§ **SUPPLIED MATERIAL**:
——

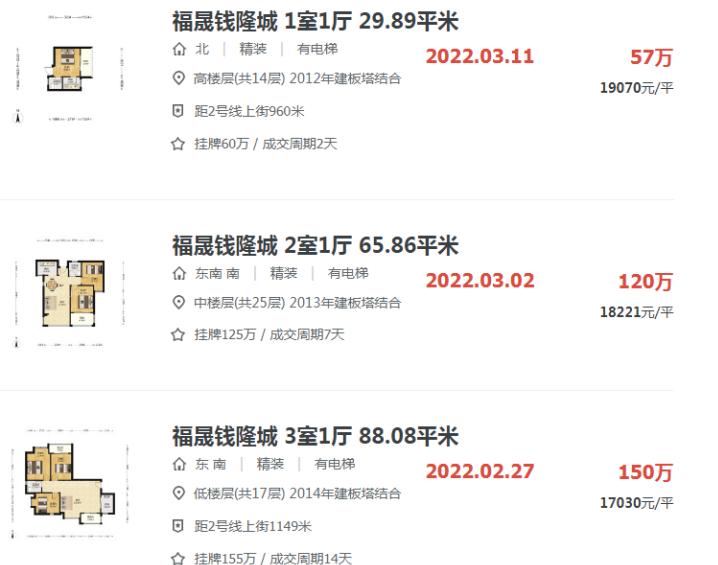 上街二手房最新信息,捕捉最新动态，上街二手房资讯速递。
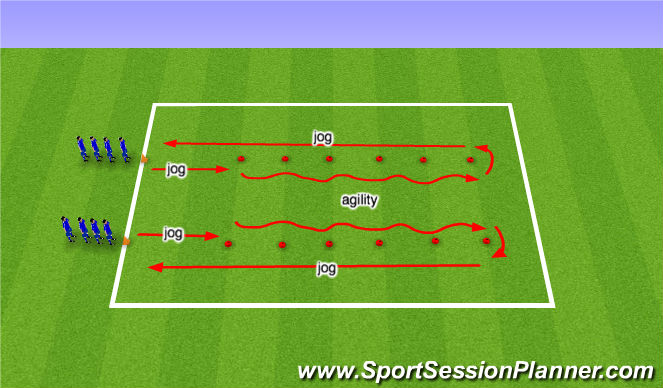 Football/Soccer Session Plan Drill (Colour): Warm Up 5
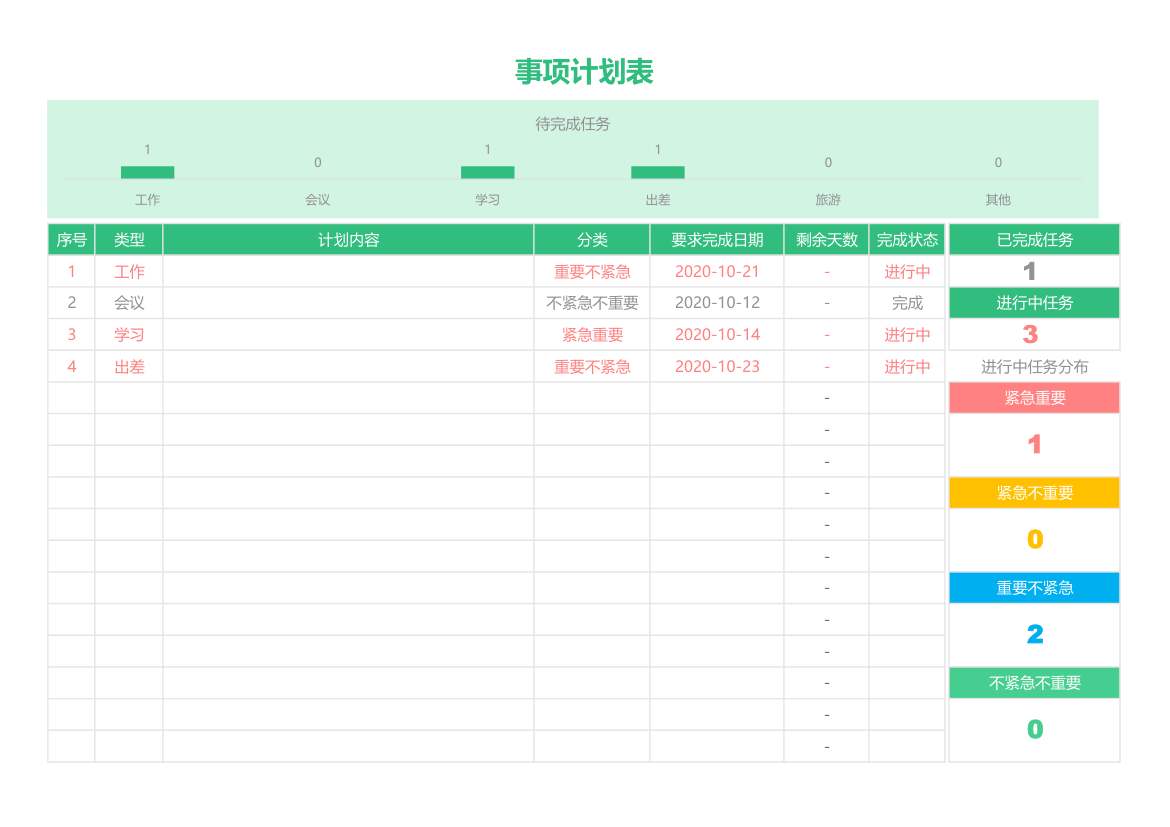 事项计划表.xlsx第1页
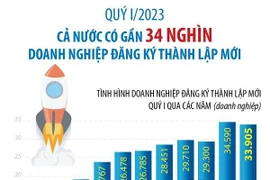 Quý 1/2023, cả nước có gần 34.000 doanh nghiệp đăng ký thành lập mới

——

§ **ASSIGNMENT**:
Please output the material above again, exactly, and omit every image.

§ **FINISHED EXERCISE**:
 上街二手房最新信息,捕捉最新动态，上街二手房资讯速递。
 Football/Soccer Session Plan Drill (Colour): Warm Up 5
 事项计划表.xlsx第1页
 Quý 1/2023, cả nước có gần 34.000 doanh nghiệp đăng ký thành lập mới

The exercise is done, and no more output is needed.